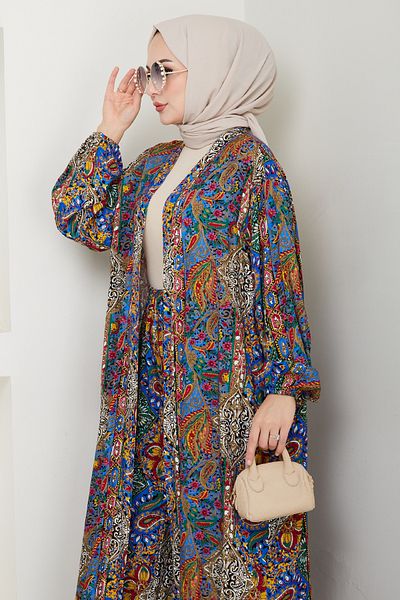 InStyle Mixed Authentic Pattern Indigo Viscose Suit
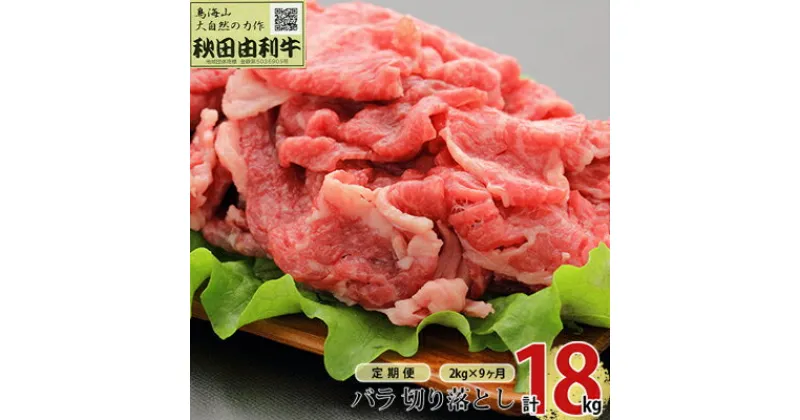 【ふるさと納税】《定期便》9ヶ月連続 秋田由利牛 バラ切り落とし 2kg（1kg×2パック）　定期便・ お肉 肉 牛肉 バラ 炒め物 黒毛和牛 赤身 サシ 9回 産地直送 冷凍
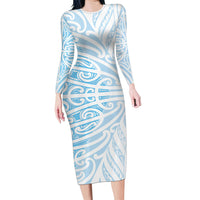Blue New Zealand Puhoro Maori Tattoo Family Matching Long Sleeve Bodycon Dress and Hawaiian Shirt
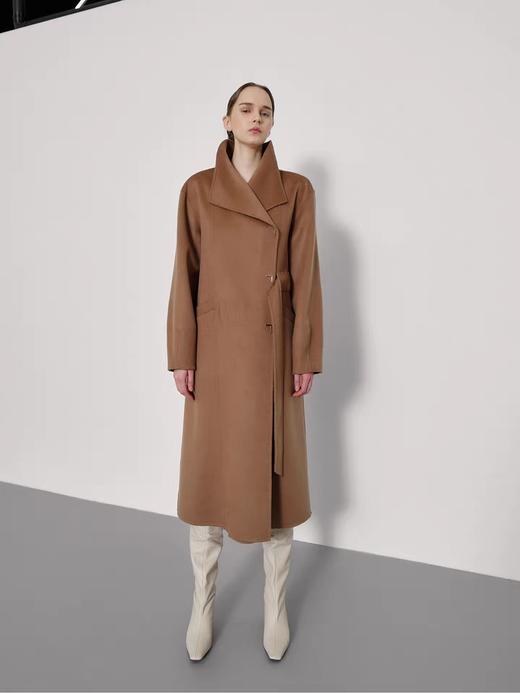 羊绒大翻领系腰带大衣 商品图2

# # # # # # #

Return the data exactly. Do not carry over any images.

TASK SOLUTION:
 InStyle Mixed Authentic Pattern Indigo Viscose Suit
 【ふるさと納税】《定期便》9ヶ月連続 秋田由利牛 バラ切り落とし 2kg（1kg×2パック）　定期便・ お肉 肉 牛肉 バラ 炒め物 黒毛和牛 赤身 サシ 9回 産地直送 冷凍
Blue New Zealand Puhoro Maori Tattoo Family Matching Long Sleeve Bodycon Dress and Hawaiian Shirt
 羊绒大翻领系腰带大衣 商品图2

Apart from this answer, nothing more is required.